I have a fair amount of code (and theorems) but I'm not really ready
to post any of it yet. At this stage what I'd like is input on the
following points:
1. It is fairly clear that the string code should be abstracted over
multiple possible character types, both to handle narrow vs. wide (and
multibyte) characters and also, optionally, to allow using the type
system to strongly distinguish strings and characters of different
encodings.
At this point, is this best done with modules or typeclasses? Both
seem to be feasible, but they produce quite different results. What is
(now) preferred for the standard library?
In the case of typeclasses there'd be one class for characters and
another for strings (and maybe some elaborations of each), and various
instances, but most of the material would be stated once, at the top
level, in terms of the string class. In the case of modules there'd be
module types for characters and strings, and modules for the various
kinds of characters and strings, but most of the material written in
terms of the abstractions would need to go in a functor to be applied
separately to each of the instances.
Either way, most likely some but not all the new material will be
available to be applied to the existing string type, but I've reached
the conclusion that worrying about this should not be a priority.

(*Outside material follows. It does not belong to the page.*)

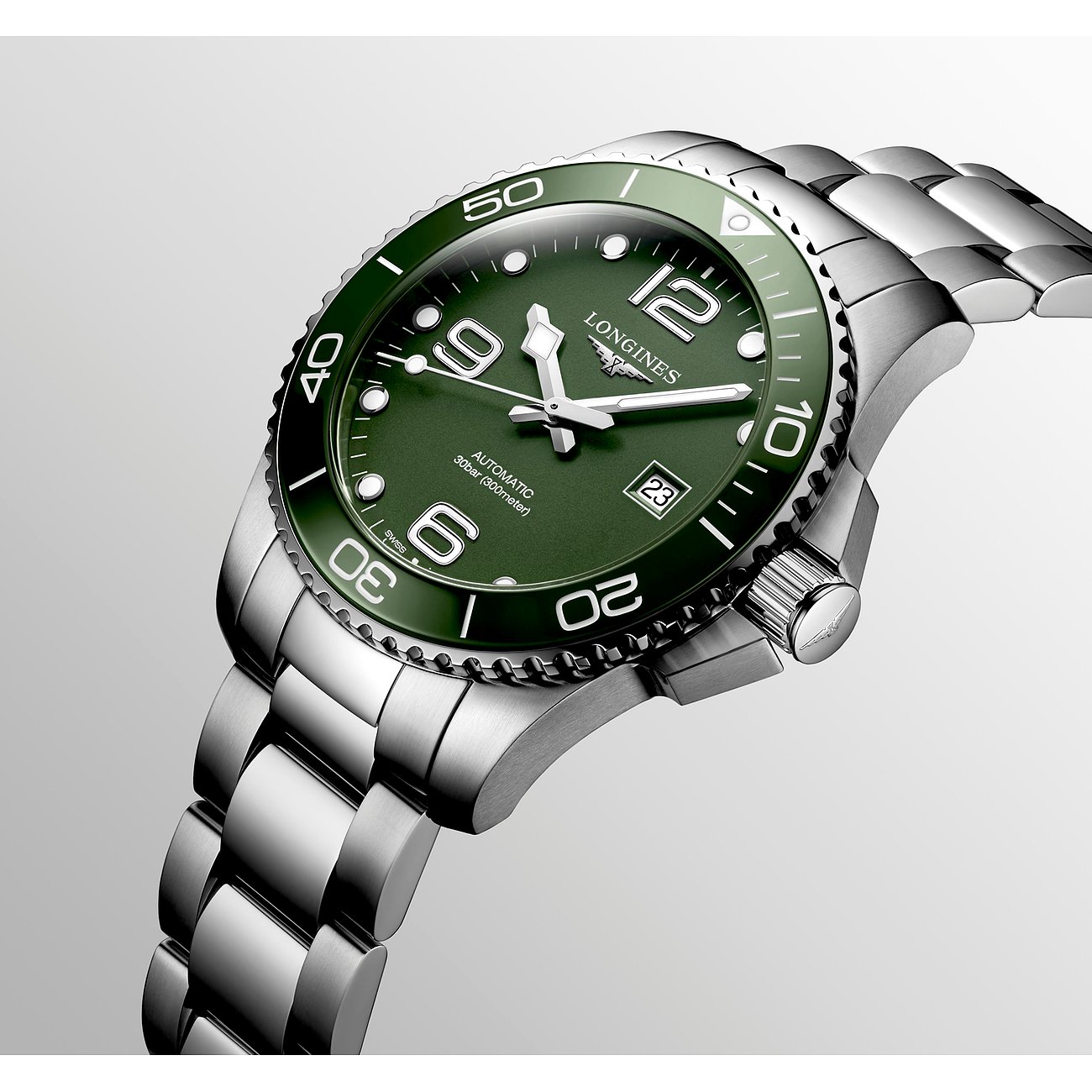 Longines Herrenuhr mit Edelstahlgehäuse und grüner Keramiklünette, analog.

2. What should go into the character types to hold their identity?
The existing ascii type uses eight bools, which is horrible to work
with and should not be repeated. However, there aren't a lot of good
choices: it should be bounded (since all standard character sets are
finite) which rules out using the ordinary integer types directly; and
it needs to be a binary integer type (otherwise it is impossible to
write down the bound on Unicode code points without blowing the stack)
which rules out the Fin.t that comes with the vector library.

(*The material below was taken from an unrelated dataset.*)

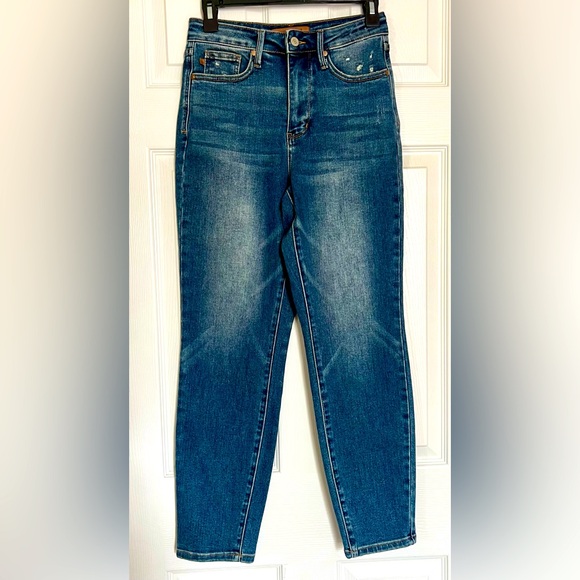 JUDY BLUE Slim Fit Distressed Straight Leg Blue Jeans Size 3/26 - Picture 1 of 11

Reasonable choices seem to be either (a) wrap N (or Z, but N seems
more natural) with a proof of being in bounds, like Fin.t wraps nat;
or (b) use or develop some machine integer library that is not
currently in the standard library. What's preferable? There should,
ultimately, be machine integers in the standard library too, but
that's a whole additional project, and if it's going to be done at all
to support characters, it should really be done properly. (I'm not
entirely averse to this, but getting it done in a reasonable amount of
time is likely to be problematic.)
3. How does the existing character scope work, and what's involved in
generalizing it to work with multiple character types and/or multiple
character encodings? It seems to be compiler magic, but that's as deep
as I've gotten so far.
4. The support for recursive/list notations does not seem to be
powerful enough to allow defining a matching syntax for strings
similar to OCaml's. (That is, one where patterns in a string match are
string constants and the match takes place by string comparison.)
Since one of the problems with the current string library is the need
to write
match foo with
| String "f" (String "o" (String "o" EmptyString)) => ...
:
end
and improving this with notations doesn't seem to be feasible either,
it would be nice to have _some_ scheme in hand that allows writing
nicer-looking code, but I don't know what it should be.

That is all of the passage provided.